Start to finish, return the listing below exactly, pictures excluded.

## Data block
- - -
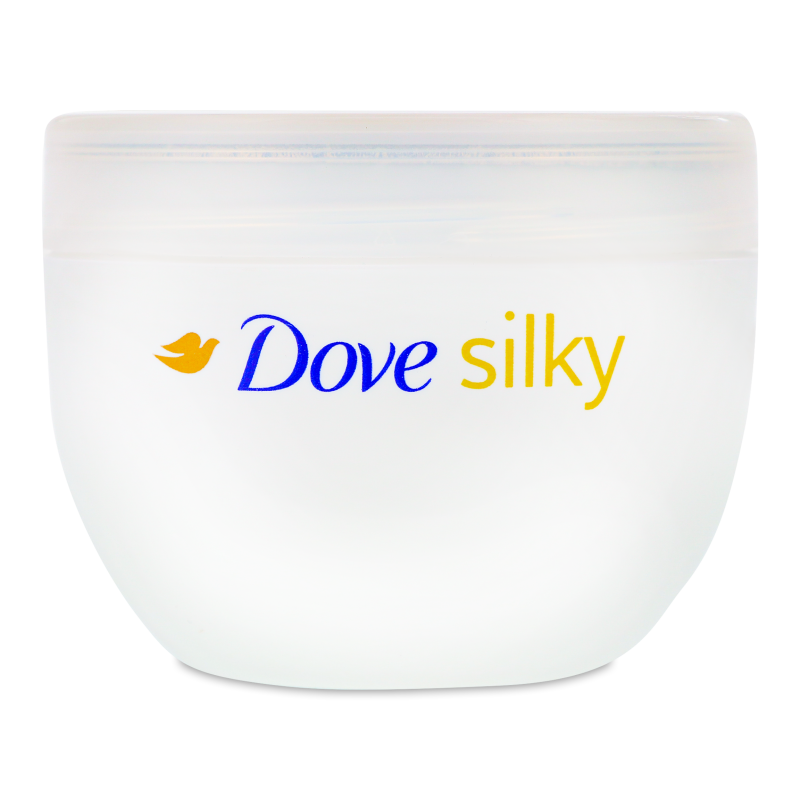 Крем д/тіла Шовковисте живлення 300мл Дав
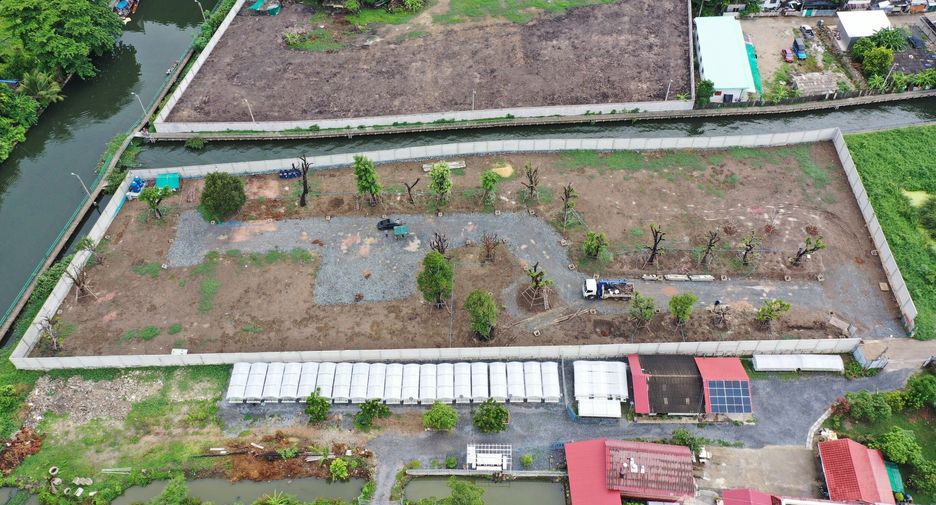 ขาย ที่ดิน ใน หนองแขม, กรุงเทพฯ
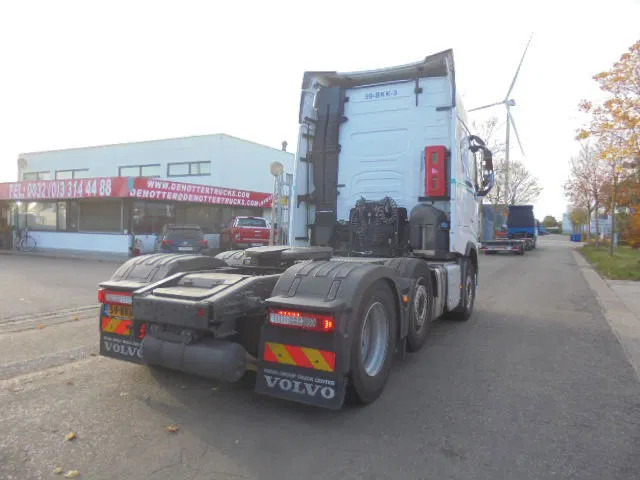 Volvo FH 460 6X2 NL TRUCK APK 02/26 - Sadulveok: pilt 4 Volvo FH 460 6X2 NL TRUCK APK 02/26 - Sadulveok: pilt 4
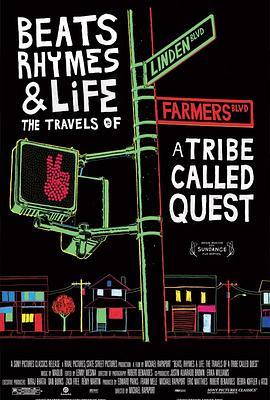 节奏、韵律与生活：一个部落的旅行 Beats Rhymes and Life: The Travels of A Tribe Called Quest (2010) - 毒蛇电影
- - -
## Exercise output
 Крем д/тіла Шовковисте живлення 300мл Дав
 ขาย ที่ดิน ใน หนองแขม, กรุงเทพฯ
 Volvo FH 460 6X2 NL TRUCK APK 02/26 - Sadulveok: pilt 4 Volvo FH 460 6X2 NL TRUCK APK 02/26 - Sadulveok: pilt 4
 节奏、韵律与生活：一个部落的旅行 Beats Rhymes and Life: The Travels of A Tribe Called Quest (2010) - 毒蛇电影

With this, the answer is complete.